§ **PROBLEM DESCRIPTION**:
For the entries below, the expected answer is the line with "For the distolingual", the line with "Crafted from heavy-duty", and every line between them, exactly as written, and nothing more.

RECORDS SUPPLIED: Begin

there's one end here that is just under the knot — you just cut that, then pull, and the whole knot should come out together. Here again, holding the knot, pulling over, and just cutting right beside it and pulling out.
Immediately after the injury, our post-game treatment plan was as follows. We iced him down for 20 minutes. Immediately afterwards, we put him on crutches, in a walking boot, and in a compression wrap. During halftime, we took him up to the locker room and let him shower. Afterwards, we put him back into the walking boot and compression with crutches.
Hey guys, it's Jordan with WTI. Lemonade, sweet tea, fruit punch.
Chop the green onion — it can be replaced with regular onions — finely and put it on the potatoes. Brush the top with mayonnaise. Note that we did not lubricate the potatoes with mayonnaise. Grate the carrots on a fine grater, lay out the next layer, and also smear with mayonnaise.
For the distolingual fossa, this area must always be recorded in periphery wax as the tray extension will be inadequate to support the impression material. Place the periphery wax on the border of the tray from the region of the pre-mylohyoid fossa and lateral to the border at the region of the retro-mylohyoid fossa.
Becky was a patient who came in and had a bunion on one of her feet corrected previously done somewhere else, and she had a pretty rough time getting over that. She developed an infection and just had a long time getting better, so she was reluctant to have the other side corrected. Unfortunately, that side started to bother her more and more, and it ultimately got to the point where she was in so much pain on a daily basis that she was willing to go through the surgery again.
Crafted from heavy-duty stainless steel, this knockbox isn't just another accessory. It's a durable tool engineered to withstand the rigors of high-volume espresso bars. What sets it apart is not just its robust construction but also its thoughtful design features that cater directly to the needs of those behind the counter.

RECORDS SUPPLIED: End
RECORDS SUPPLIED: Begin

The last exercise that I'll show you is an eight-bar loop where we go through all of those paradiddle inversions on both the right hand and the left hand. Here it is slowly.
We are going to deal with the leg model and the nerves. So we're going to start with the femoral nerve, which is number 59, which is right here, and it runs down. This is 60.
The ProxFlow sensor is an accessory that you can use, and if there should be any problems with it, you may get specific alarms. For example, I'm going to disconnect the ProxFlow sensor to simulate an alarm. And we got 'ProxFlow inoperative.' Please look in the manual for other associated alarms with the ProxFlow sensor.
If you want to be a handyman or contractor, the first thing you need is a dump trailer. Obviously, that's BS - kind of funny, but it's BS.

RECORDS SUPPLIED: End

§ **RESPONSE TO THIS TASK**:
For the distolingual fossa, this area must always be recorded in periphery wax as the tray extension will be inadequate to support the impression material. Place the periphery wax on the border of the tray from the region of the pre-mylohyoid fossa and lateral to the border at the region of the retro-mylohyoid fossa.
Becky was a patient who came in and had a bunion on one of her feet corrected previously done somewhere else, and she had a pretty rough time getting over that. She developed an infection and just had a long time getting better, so she was reluctant to have the other side corrected. Unfortunately, that side started to bother her more and more, and it ultimately got to the point where she was in so much pain on a daily basis that she was willing to go through the surgery again.
Crafted from heavy-duty stainless steel, this knockbox isn't just another accessory. It's a durable tool engineered to withstand the rigors of high-volume espresso bars. What sets it apart is not just its robust construction but also its thoughtful design features that cater directly to the needs of those behind the counter.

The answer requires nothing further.